EXCERPTED DATA:
-.-.-

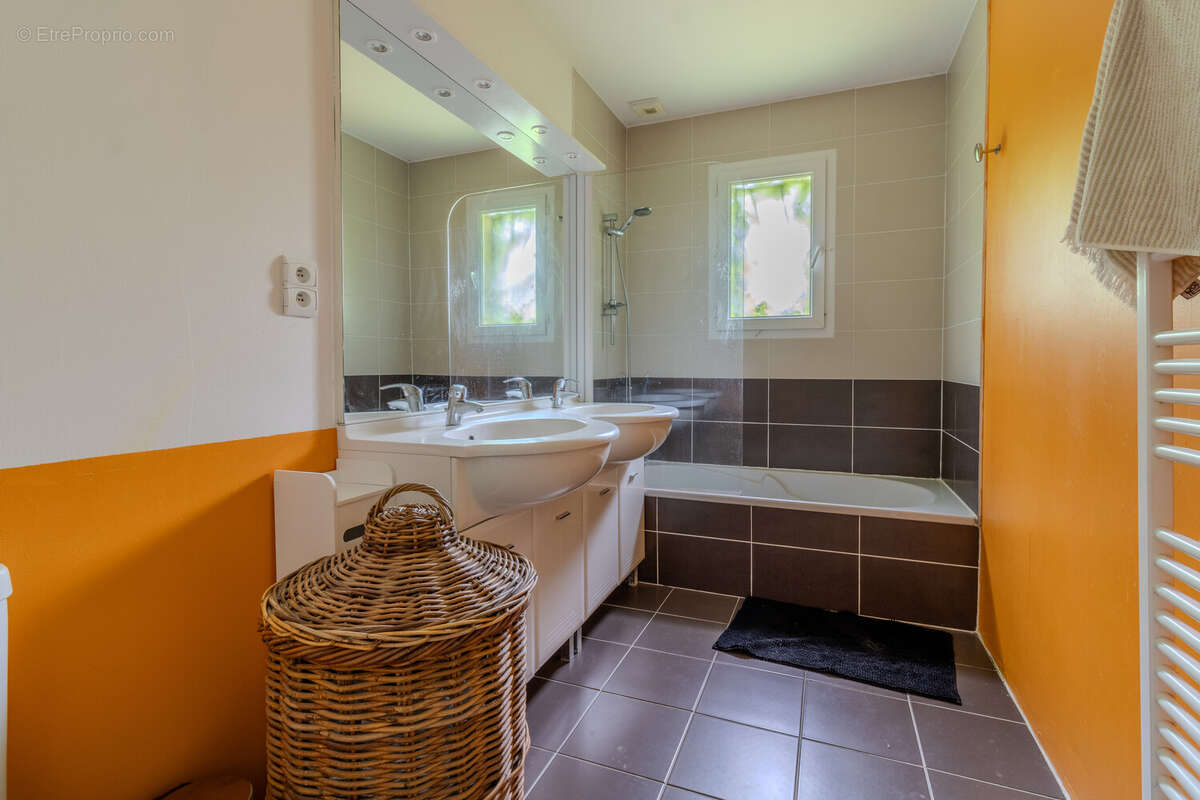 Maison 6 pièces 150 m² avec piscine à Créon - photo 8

-.-.-

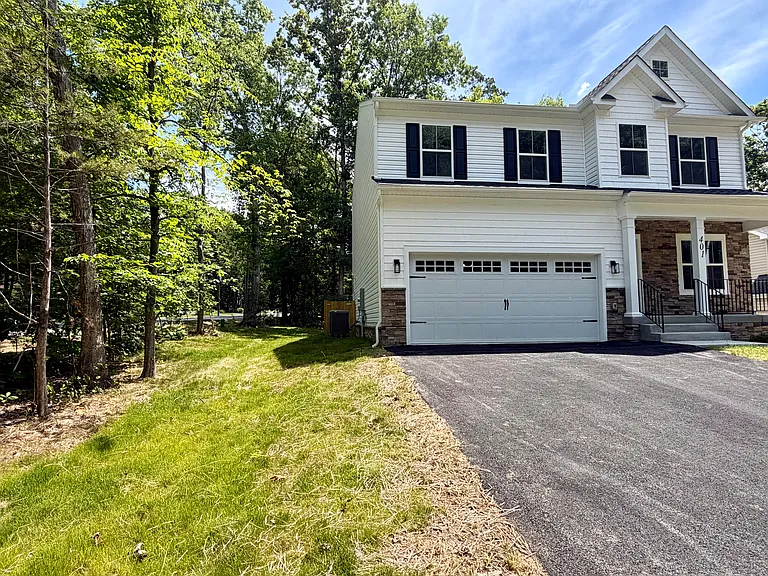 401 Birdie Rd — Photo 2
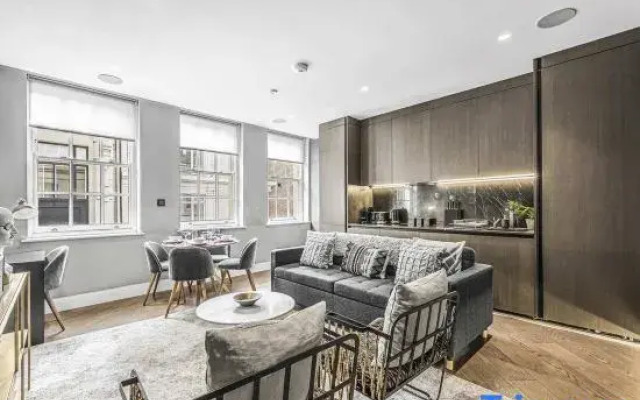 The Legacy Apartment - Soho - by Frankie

-.-.-

TASK BRIEF: Would you write out exactly the lines above, starting at the line containing "401 Birdie Rd — Photo 2" and stopping after the line containing "The Legacy Apartment - Soho - by Frankie"? Omit the pictures.

ANSWER SECTION:
 401 Birdie Rd — Photo 2
 The Legacy Apartment - Soho - by Frankie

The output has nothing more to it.